◆ Task ◆
Print out the data that follows exactly, character for character, apart from the pictures.

◆ Material provided ◆
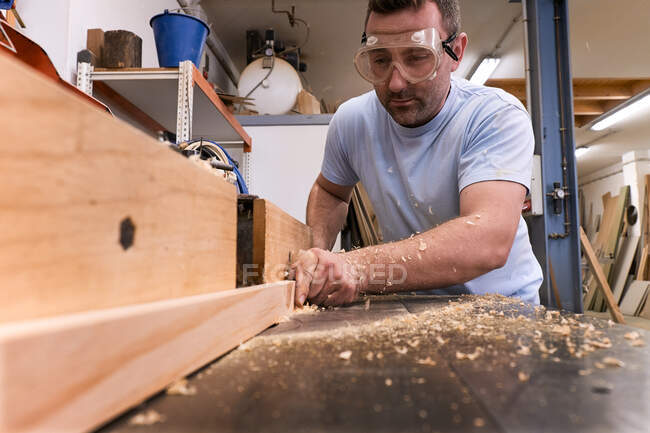 Baixo ângulo de carpinteiro focado em óculos de proteção moagem de madeira enquanto elabora detalhes usando máquina elétrica na oficina moderna leve — Fotografia de Stock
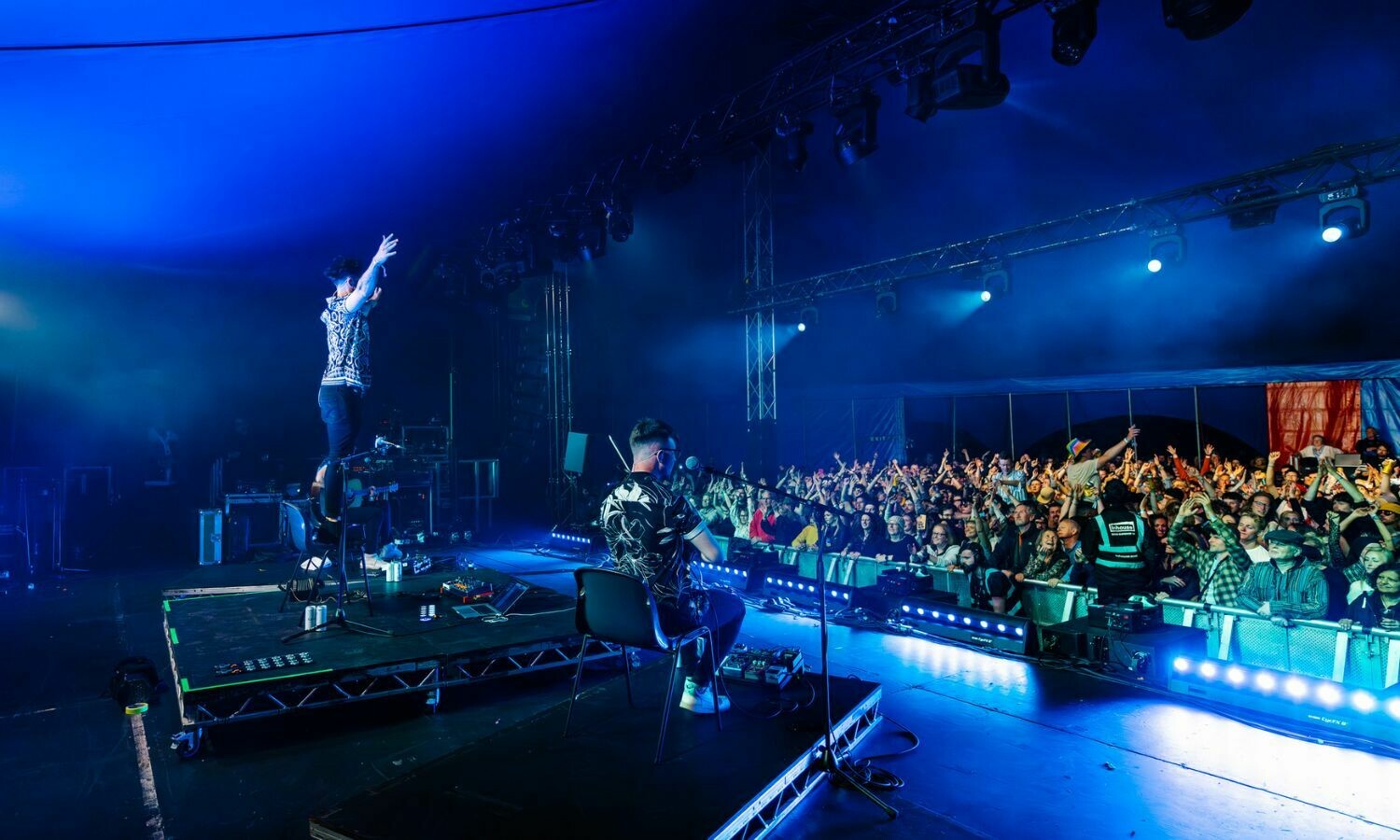 The band Talisk performs live on stage under dynamic blue lighting, captivating a large, enthusiastic crowd. One band member stands on a platform, raising their arms in an energetic gesture, while another sits playing an instrument, facing the audience. The crowd, illuminated by stage lights, cheers and waves their hands, creating a vibrant and electric atmosphere.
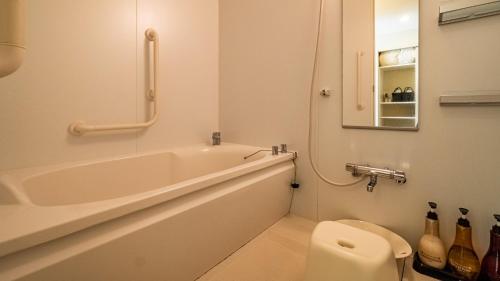 a bathroom with a tub and a toilet and a sink at LiVEMAX Resort Izu Kogen Terrace & Spa in Ito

◆ Exercise solution ◆
 Baixo ângulo de carpinteiro focado em óculos de proteção moagem de madeira enquanto elabora detalhes usando máquina elétrica na oficina moderna leve — Fotografia de Stock
 The band Talisk performs live on stage under dynamic blue lighting, captivating a large, enthusiastic crowd. One band member stands on a platform, raising their arms in an energetic gesture, while another sits playing an instrument, facing the audience. The crowd, illuminated by stage lights, cheers and waves their hands, creating a vibrant and electric atmosphere.
 a bathroom with a tub and a toilet and a sink at LiVEMAX Resort Izu Kogen Terrace & Spa in Ito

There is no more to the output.